* _INFORMATION PROVIDED_
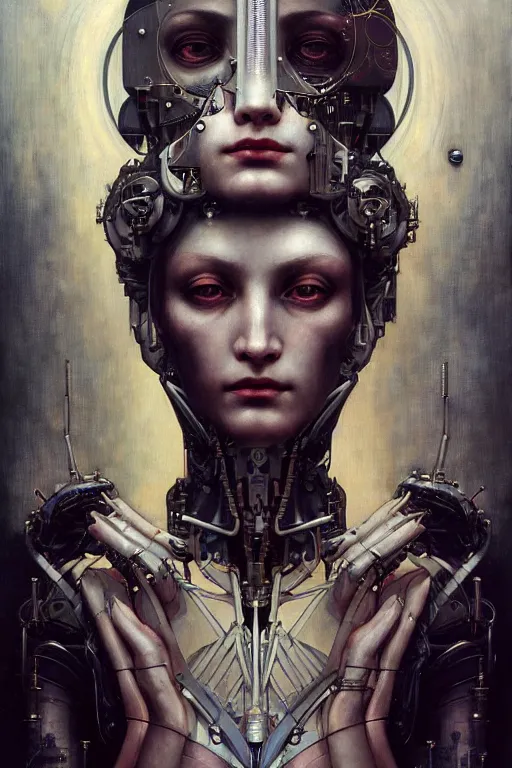 Prompt: full - bodied and portrait futurist cyborg empress, perfect future, award winning art by santiago caruso, iridescent color palette, symmetric face, by wlop and karol bak and bouguereau and viktoria gavrilenko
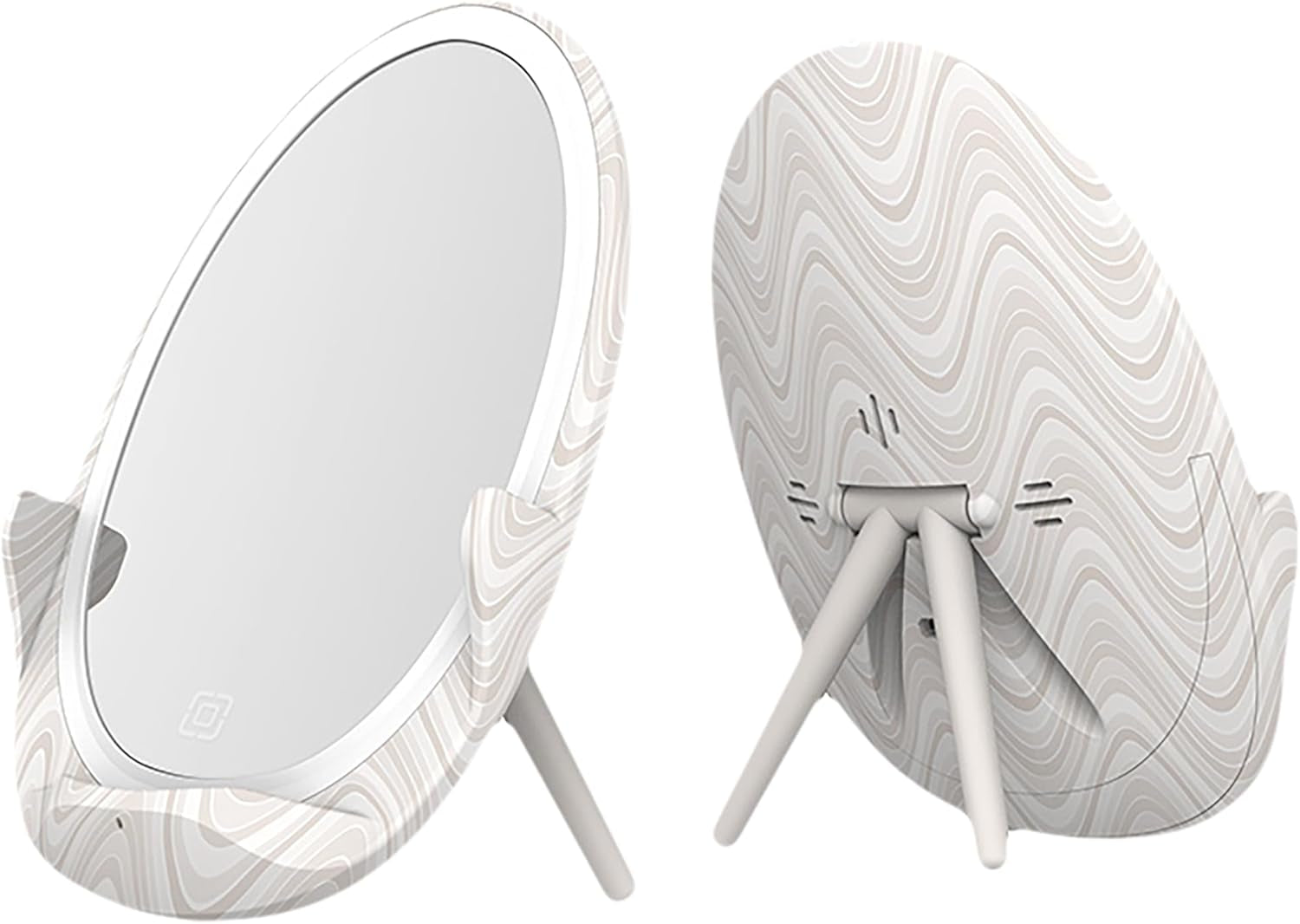 10W Wireless Charging LED Mini Mirrors, 2-Pack (White Ripple)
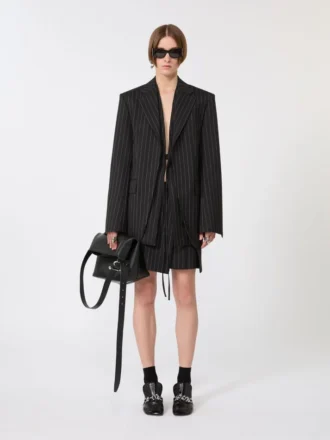 Minifalda de gabardina a rayas, negra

* _EXERCISE PROMPT_
Reproduce the whole listing exactly, but not the images in it.

* _ANSWER_
 Prompt: full - bodied and portrait futurist cyborg empress, perfect future, award winning art by santiago caruso, iridescent color palette, symmetric face, by wlop and karol bak and bouguereau and viktoria gavrilenko
 10W Wireless Charging LED Mini Mirrors, 2-Pack (White Ripple)
 Minifalda de gabardina a rayas, negra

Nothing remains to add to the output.